Exercise
If an entry holds a picture, skip the picture but copy everything else exactly.

....

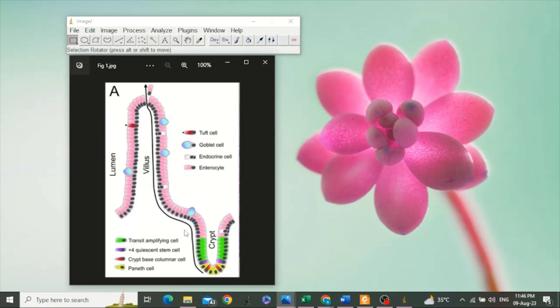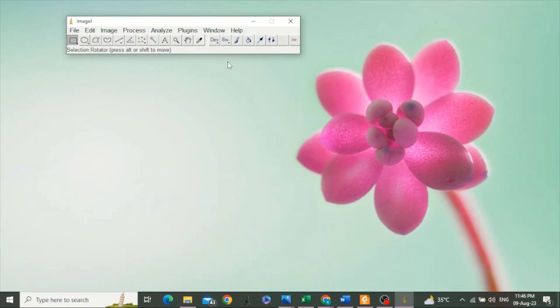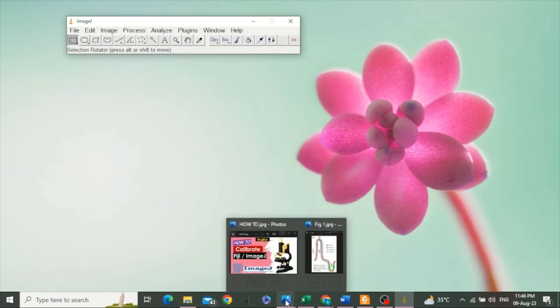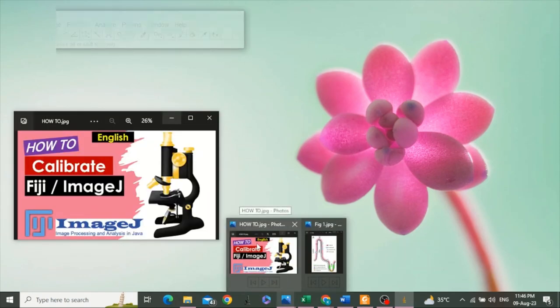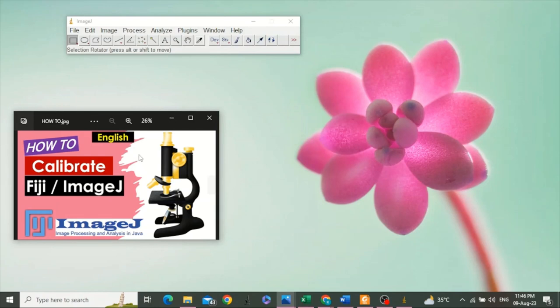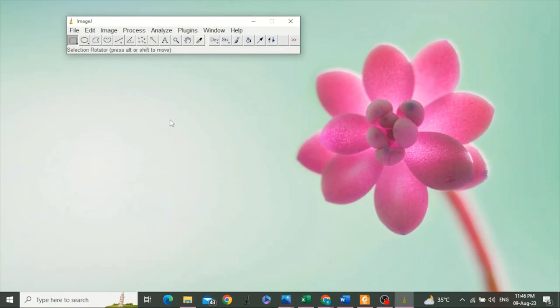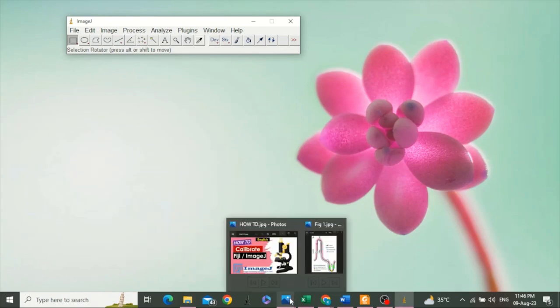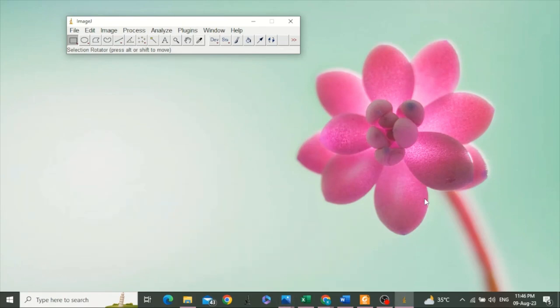For the calibration of ImageJ, I have already made a video. You can watch it; I am giving the link in the description. This is the thumbnail of that video. However, there is another method for the calibration of ImageJ.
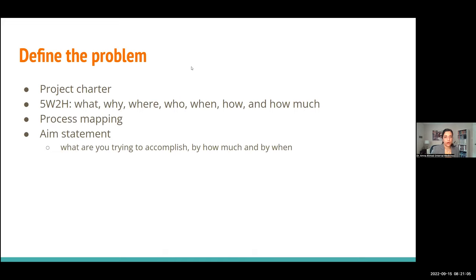When defining a problem, you can use a project charter — available from Ontario Health, IHI, or online — to outline your team, aim, measures, stakeholders, budget, and timelines. You can also use the five W's and two H's (what, why, where, who, when, how, and by how much), similar to a PICO research question. You want to develop an aim statement: what are you trying to accomplish, by how much, and by when? For example: 'Our team would like to reduce catheter-associated UTIs on medicine ward E3 by 30% in six months.'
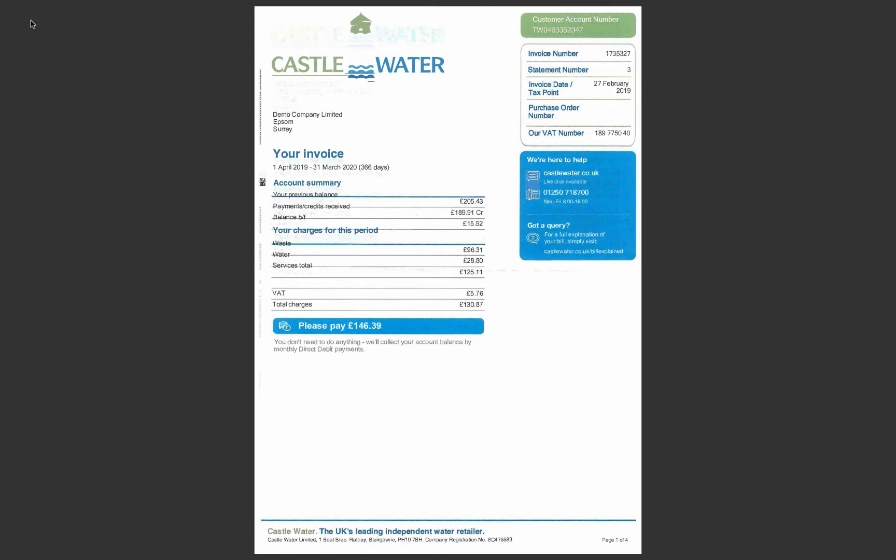Given that you are VAT registered, reclaiming the correct amount of VAT. The invoice we're going to look at now is from Castle Water, and if you look at this invoice, the total on the invoice is £130.87. The VAT is quite low at £5.76 - VAT currently 20% - and the reason for this is that there are two elements to this invoice: there's a part for waste and a part for water, and it's only the water that has the VAT applied to it.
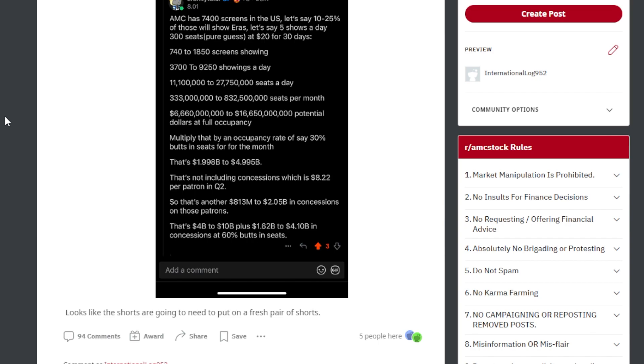And that's not including concessions, which is another $8.22 per patron in Q2. So that could be another $813 million to $2 billion in concessions on those patrons.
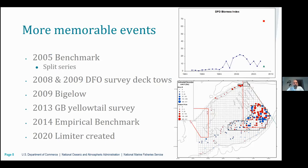Going back to the history: in 2005 there was a benchmark that began the era of the split series in the virtual population analysis, which was the assessment model used for many years. The split series breaks the survey series into two parts rather than treating it as continuous from 1973 to the terminal year. This allows the model more flexibility to better fit recent observations, but has implications for the transition period between the two time periods of the survey.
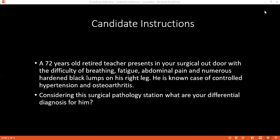My differential diagnosis would be malignant melanoma. It can also be squamous cell carcinoma or basal cell carcinoma. And if it is infectious, I would also like to rule out any infectious causes — it can be cellulitis or necrotizing fasciitis.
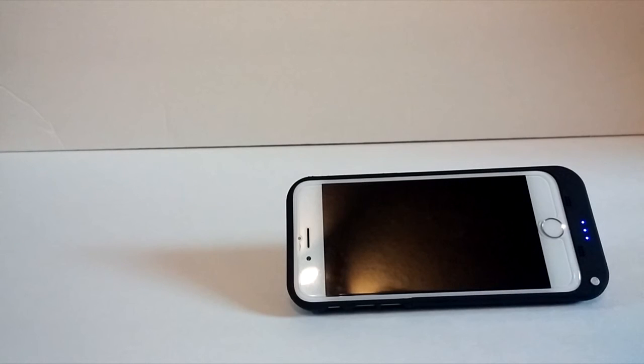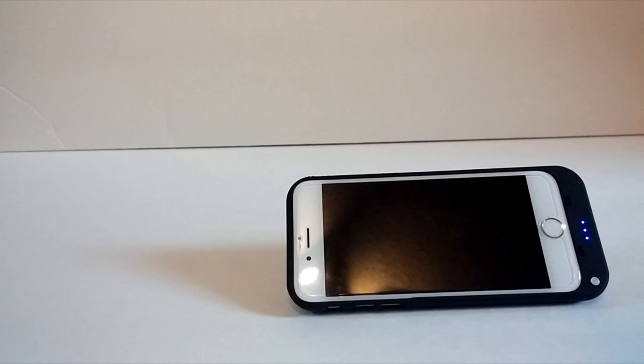Overall, this case provides a good amount of phone protection for the back and sides of your phone, and you'll get the added benefit of the kickstand feature and double the battery life without adding too much weight.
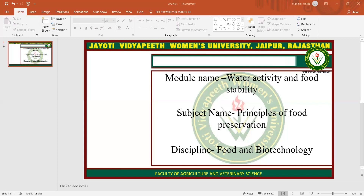Currently, consumers prefer foods that are minimally processed. Therefore, safety considerations are addressed seriously by food microbiology. There are different approaches to the conservation and stability of fresh fruit products.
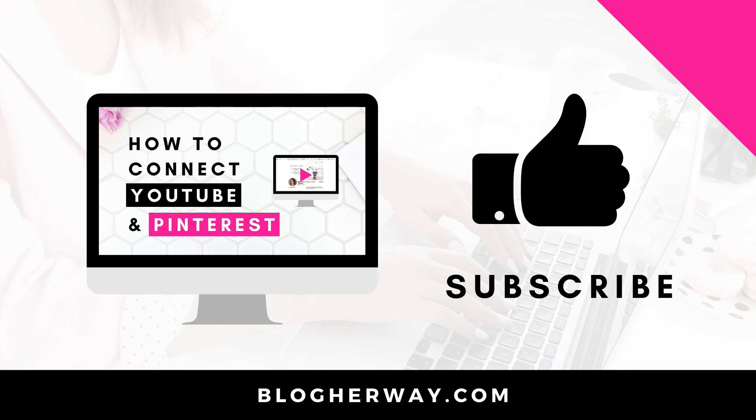Thank you for watching this video on how to connect your YouTube channel to your Pinterest account. Be sure to like this video and leave a comment below. Make sure you subscribe to my YouTube channel where I share helpful tech tutorials on how to run your blog and business. This is Trisha from blogherway.com. See you next time.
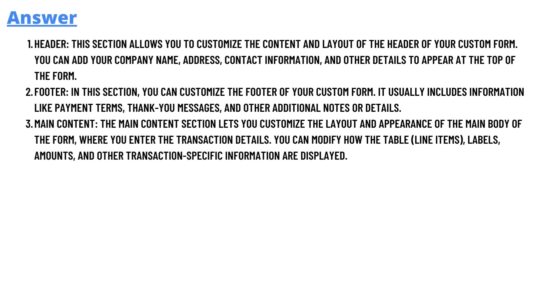Option three is main content. The main content section lets you customize the layout and appearance of the main body of the form where you enter the transaction details. You can modify how the table, line items, labels, amounts, and other transaction-specific information are displayed.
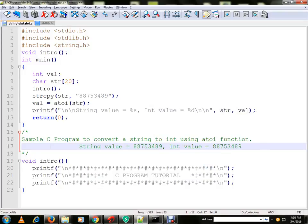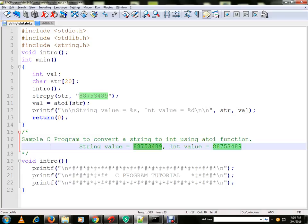Hi friends, in this video I'm going to talk about a sample C program to convert a string into an integer using the atoi function. Suppose the user provides a string—it can convert it into an integer. So internally, what we're going to do is...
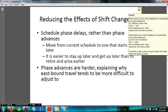It is easy for you to stay up later and get up later than to sleep earlier and wake up earlier. In other words, Phase Advances are harder to adjust to — that's why going eastbound travels tend to be more difficult to adjust to. I hope this helps and more videos are underway.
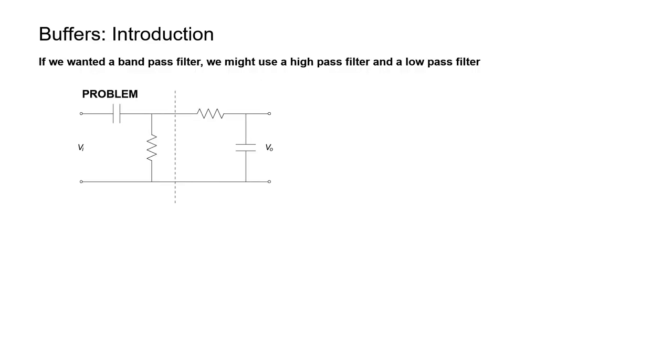Let's take a look at an example. In this problem, I intend to make a bandpass filter by cascading a high-pass filter and a low-pass filter. This is a one-pole high-pass filter on the left and this is a one-pole low-pass filter here on the right. The high-pass filter gets rid of all the low frequencies and the low-pass filter gets rid of all the high frequencies.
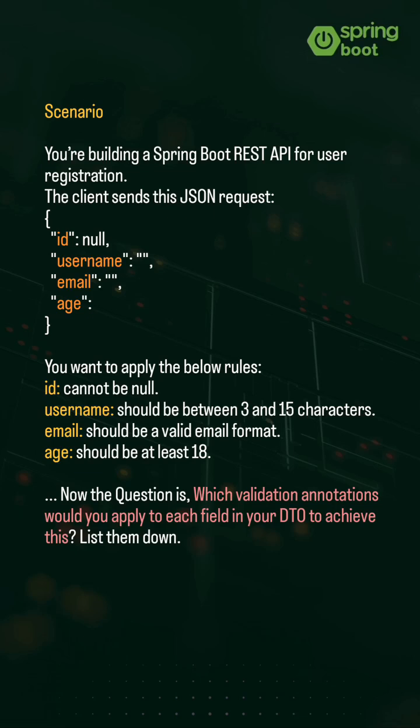Now the question is, which validation annotations would you apply to each field in your DTO to achieve this? List them down. Comment your answers if you know the annotations before proceeding.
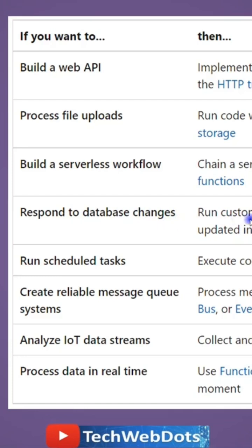For example, you want to run some custom logic when a document is created or updated in Cosmos DB. You can use predefined timers, queues, event data streams, and there are functions in Azure. So these all are options available.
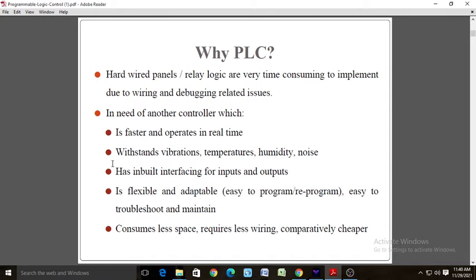PLC is space efficient as memory capacity keeps increasing, allowing us to generate additional contacts, coils, timers, sequences, and counters — we can have a large number of these in a single PLC. It is suitable for testing and visual observation, reliable, and has communication capability. It is also easier to troubleshoot and repair; PLCs have diagnostics and override functions that allow users to easily find and correct software and hardware problems.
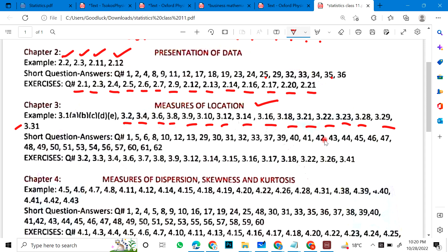Exercise problems for Chapter 3: 3.2, 3.3, 4, 6, 7, 8, 9, 12, 14, 15, 16, 17, 18, 22, 26 and 41.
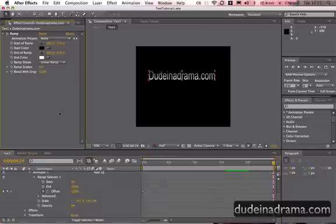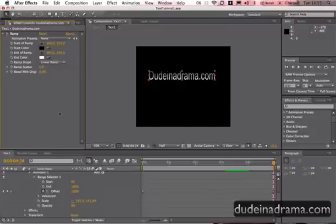Hi, I'm Adam from dudeinadrama.com, and today I'm going to be showing you how to add text rotation animation in Adobe After Effects.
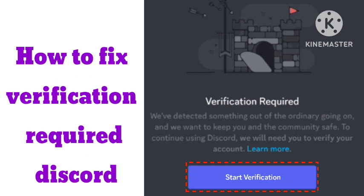The second method that works: on the same account, use the mobile app and verify your phone number from there. You can then log back into the desktop app and remove your phone number or remove the two-factor authentication, because two-factor authentication can create the verification required problem.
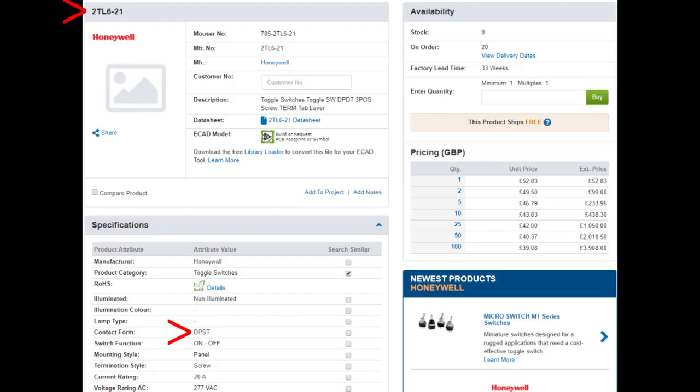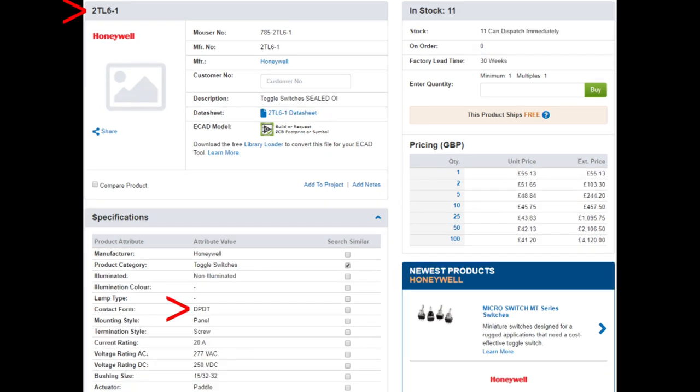I actually ordered the dash 21 from Mouser on the basis of their listing. When the switch arrived I realized they'd sent me the wrong one — the right switch, but they described it incorrectly. It was actually just a single throw switch. When I pointed that out, they were good enough to send me the correct switch free. So I've now got both variations, and we'll have a look at those.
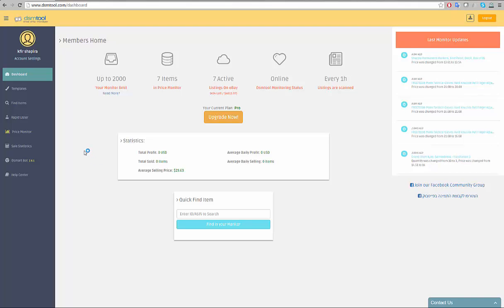DSM Tool Dashboard is meant to assist you with your account management. You can view your account balance on DSM and eBay.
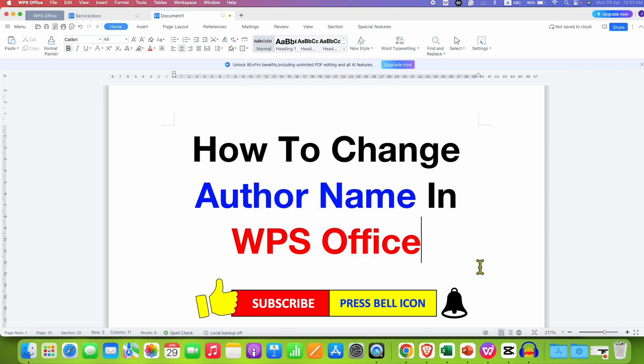In this way you can change author name in WPS Office. Click on that like button, comment below and let me know if this video solved your problem. And don't forget to check out these useful videos related to WPS Office if you want to learn it quickly. See you again in the next one.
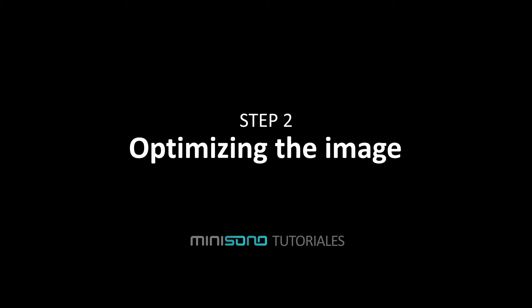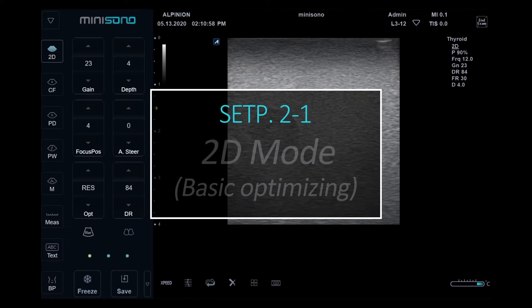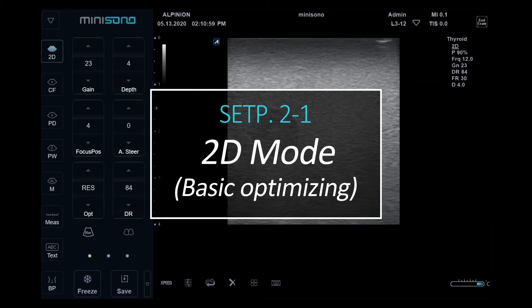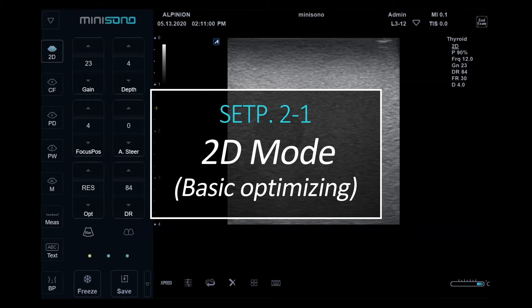Step 2: Optimizing the image. 2D mode. Basic optimizing.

....

Solution to the problem
For the calibration of ImageJ, I have already made a video. You can watch it; I am giving the link in the description. This is the thumbnail of that video. However, there is another method for the calibration of ImageJ.
When defining a problem, you can use a project charter — available from Ontario Health, IHI, or online — to outline your team, aim, measures, stakeholders, budget, and timelines. You can also use the five W's and two H's (what, why, where, who, when, how, and by how much), similar to a PICO research question. You want to develop an aim statement: what are you trying to accomplish, by how much, and by when? For example: 'Our team would like to reduce catheter-associated UTIs on medicine ward E3 by 30% in six months.'
Given that you are VAT registered, reclaiming the correct amount of VAT. The invoice we're going to look at now is from Castle Water, and if you look at this invoice, the total on the invoice is £130.87. The VAT is quite low at £5.76 - VAT currently 20% - and the reason for this is that there are two elements to this invoice: there's a part for waste and a part for water, and it's only the water that has the VAT applied to it.
And that's not including concessions, which is another $8.22 per patron in Q2. So that could be another $813 million to $2 billion in concessions on those patrons.
Going back to the history: in 2005 there was a benchmark that began the era of the split series in the virtual population analysis, which was the assessment model used for many years. The split series breaks the survey series into two parts rather than treating it as continuous from 1973 to the terminal year. This allows the model more flexibility to better fit recent observations, but has implications for the transition period between the two time periods of the survey.
My differential diagnosis would be malignant melanoma. It can also be squamous cell carcinoma or basal cell carcinoma. And if it is infectious, I would also like to rule out any infectious causes — it can be cellulitis or necrotizing fasciitis.
Overall, this case provides a good amount of phone protection for the back and sides of your phone, and you'll get the added benefit of the kickstand feature and double the battery life without adding too much weight.
Currently, consumers prefer foods that are minimally processed. Therefore, safety considerations are addressed seriously by food microbiology. There are different approaches to the conservation and stability of fresh fruit products.
Thank you for watching this video on how to connect your YouTube channel to your Pinterest account. Be sure to like this video and leave a comment below. Make sure you subscribe to my YouTube channel where I share helpful tech tutorials on how to run your blog and business. This is Trisha from blogherway.com. See you next time.
Option three is main content. The main content section lets you customize the layout and appearance of the main body of the form where you enter the transaction details. You can modify how the table, line items, labels, amounts, and other transaction-specific information are displayed.
Hi friends, in this video I'm going to talk about a sample C program to convert a string into an integer using the atoi function. Suppose the user provides a string—it can convert it into an integer. So internally, what we're going to do is...
It is easy for you to stay up later and get up later than to sleep earlier and wake up earlier. In other words, Phase Advances are harder to adjust to — that's why going eastbound travels tend to be more difficult to adjust to. I hope this helps and more videos are underway.
Let's take a look at an example. In this problem, I intend to make a bandpass filter by cascading a high-pass filter and a low-pass filter. This is a one-pole high-pass filter on the left and this is a one-pole low-pass filter here on the right. The high-pass filter gets rid of all the low frequencies and the low-pass filter gets rid of all the high frequencies.
Now the question is, which validation annotations would you apply to each field in your DTO to achieve this? List them down. Comment your answers if you know the annotations before proceeding.
For example, you want to run some custom logic when a document is created or updated in Cosmos DB. You can use predefined timers, queues, event data streams, and there are functions in Azure. So these all are options available.
PLC is space efficient as memory capacity keeps increasing, allowing us to generate additional contacts, coils, timers, sequences, and counters — we can have a large number of these in a single PLC. It is suitable for testing and visual observation, reliable, and has communication capability. It is also easier to troubleshoot and repair; PLCs have diagnostics and override functions that allow users to easily find and correct software and hardware problems.
Exercise problems for Chapter 3: 3.2, 3.3, 4, 6, 7, 8, 9, 12, 14, 15, 16, 17, 18, 22, 26 and 41.
Hi, I'm Adam from dudeinadrama.com, and today I'm going to be showing you how to add text rotation animation in Adobe After Effects.
The second method that works: on the same account, use the mobile app and verify your phone number from there. You can then log back into the desktop app and remove your phone number or remove the two-factor authentication, because two-factor authentication can create the verification required problem.
I actually ordered the dash 21 from Mouser on the basis of their listing. When the switch arrived I realized they'd sent me the wrong one — the right switch, but they described it incorrectly. It was actually just a single throw switch. When I pointed that out, they were good enough to send me the correct switch free. So I've now got both variations, and we'll have a look at those.
DSM Tool Dashboard is meant to assist you with your account management. You can view your account balance on DSM and eBay.
In this way you can change author name in WPS Office. Click on that like button, comment below and let me know if this video solved your problem. And don't forget to check out these useful videos related to WPS Office if you want to learn it quickly. See you again in the next one.
Step 2: Optimizing the image. 2D mode. Basic optimizing.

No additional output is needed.